Ekaterina Gubanova et John Relyea 
Le rideau se lève sur le prologue "Ah mon chant je le cache au fond de moi ? Cela fut, cela ne fut pas: dehors ou bien dedans ? Vieille légende, mais que signifie-t-elle (…) La musique retentit, la flamme brûle, le spectacle peut commencer. Le rideau des cils de mes yeux s’entrouvre. Applaudissez quand il retombera". Le public se trouve engagé dans un questionnement énigmatique. Les chanteurs se prêtent à une numéro de magie avant de plonger dans le fantastique des contes: le Barbe-Bleue de Charles Perreau qui inspira Béla Bartók et Jean Cocteau pour la version lyrique de La Voix humaine par Francis Poulenc.

Puis le huis clos dramatique du Château de Barbe-Bleue  commence. Dans l’obsession de Judith/Ekaterina Gubanova à demander les clés des sept portes à ne pas transgresser, on pense à Rita Hayworth, sensuelle et vénéneuse. Judith est imprégnée - même un peu ivre - de la conviction qu’elle fera entrer la lumière dans le château du Prince, celui pour lequel elle a tout quitté sans le connaître vraiment.


Des images de La Belle et la Bête de Cocteau laissent à penser que celui qui souffre c’est Barbe-Bleue/John Relyea par la défiance que Judith lui inflige. En fond de scène, une vidéo d’enfant qui pleure est en boucle comme un rêve freudien de l’enfant intérieur en souffrance.

Les pièces interdites de lumière sont des cages en verre coulissantes qui dévoilent les secrets et les facettes de la personnalité intime du Prince : la violence, la force, la richesse, la beauté, le pouvoir, la tristesse et enfin, l’amour et le passé. Judith ne verra pas la profondeur de l’âme de l’homme blessé et sa transgression ne sera pas pardonnée. 
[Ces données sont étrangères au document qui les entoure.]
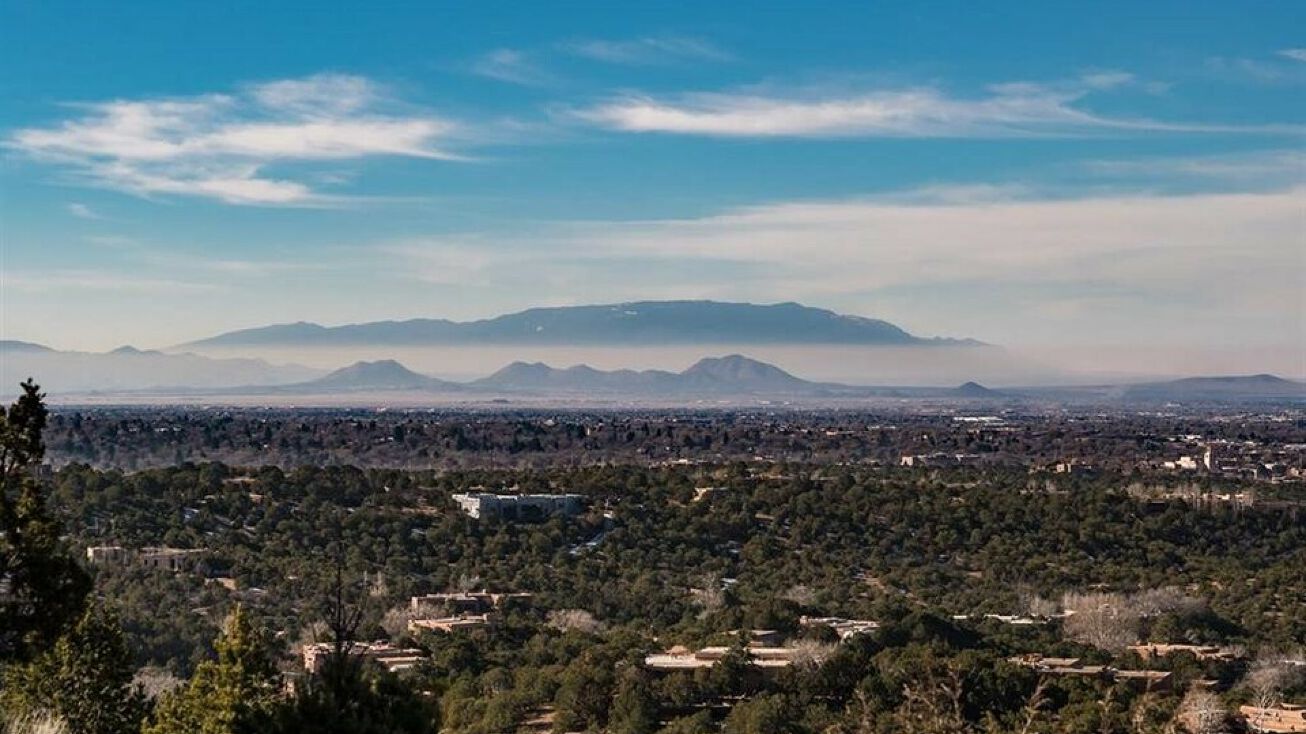 1007 Sierra Pinon, Santa Fe, NM 87501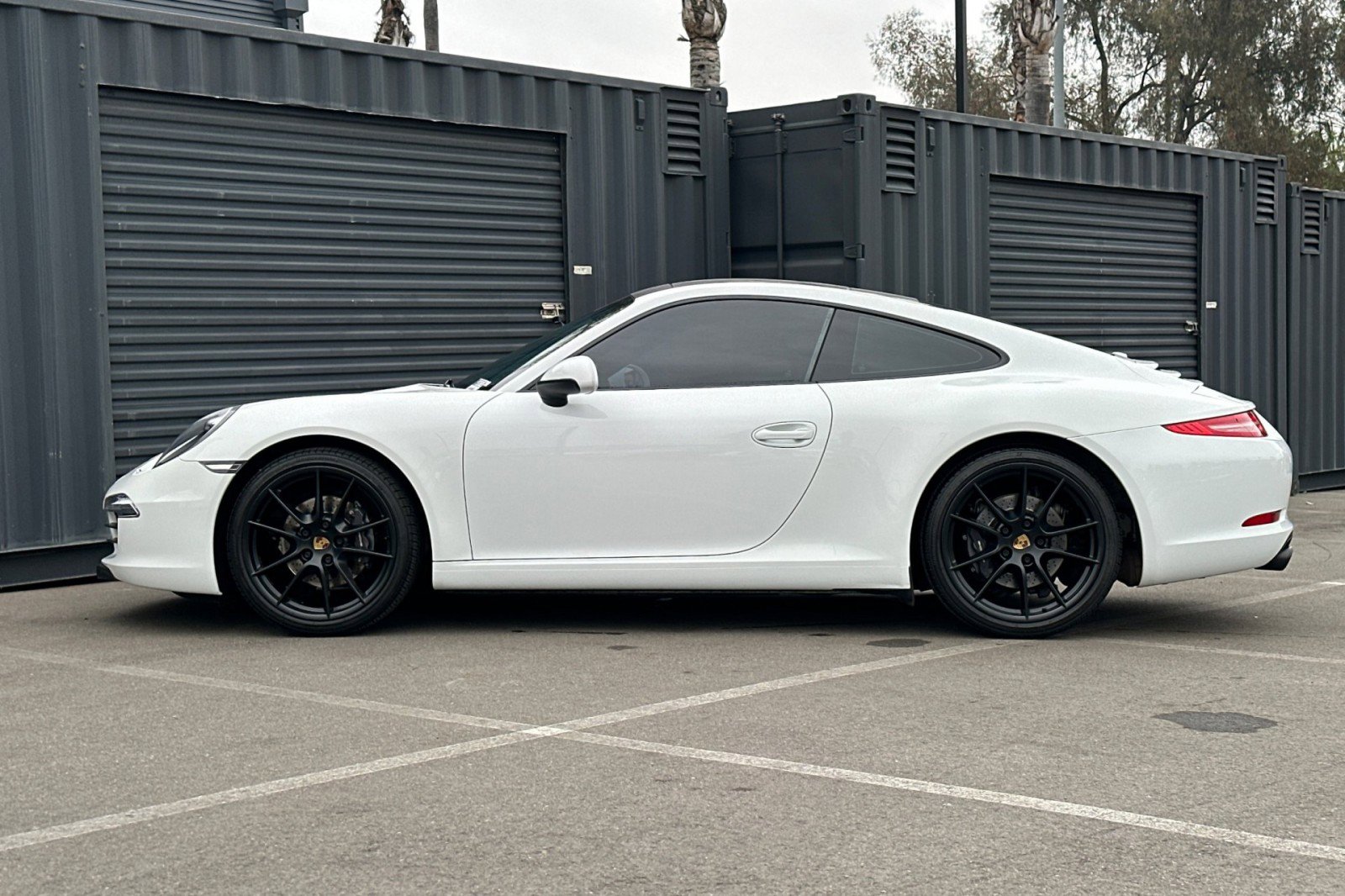 Used 2015 Porsche 911 Carrera image 2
Transition brillantissime d’un opéra à l’autre : alors que Judith s’éloigne et laisse Barbe-Bleue seul, "Elle" apparaît derrière les prisons de verre. Démarche saccadée, corps tremblant, regard halluciné : elle vient de tuer son amant. La Voix humaine commence par l’image-choc de l’insoutenable douleur de la séparation qui a conduit au meurtre.


Barbara Hannigan
"Elle", c’est l’impressionnante Barbara Hannigan, figure de femme moderne qui pourrait descendre d’une couverture du magazine du même nom, en smoking griffé et talons vertigineux. Véritable révélation de la soirée, la soprano canadienne subjugue par son intensité dramatique. Alors que l’amant maculé de sang peine à traverser les brèches dans les parois de verre, "Elle" raconte au téléphone les douleurs de la rupture passionnelle. Tragédienne accomplie, à fleur de peau, la soprano n’hésite pas à chavirer dans des postures paroxystiques, les blessures d’amour sont insupportables.  

Autre magicien des lieux, Esa-Pekka Salonen et sa baguette magique qui accompagne cette traversée de miroirs toute en délicatesse orchestrale.



Le Château de Barbe-Bleue/La Voix humaine, de Béla Bartók et Francis Poulenc 
Jusqu’au 12 décembre à l’Opéra Garnier
Mise en scène de Krzysztof Warlikowski - Direction musicale d’Esa-Pekka Salonen -
Avec Ekaterina Gubanova (Judith), John Relyea (Le Prince Barbe-Bleue) et Barbara Hannigan (Elle).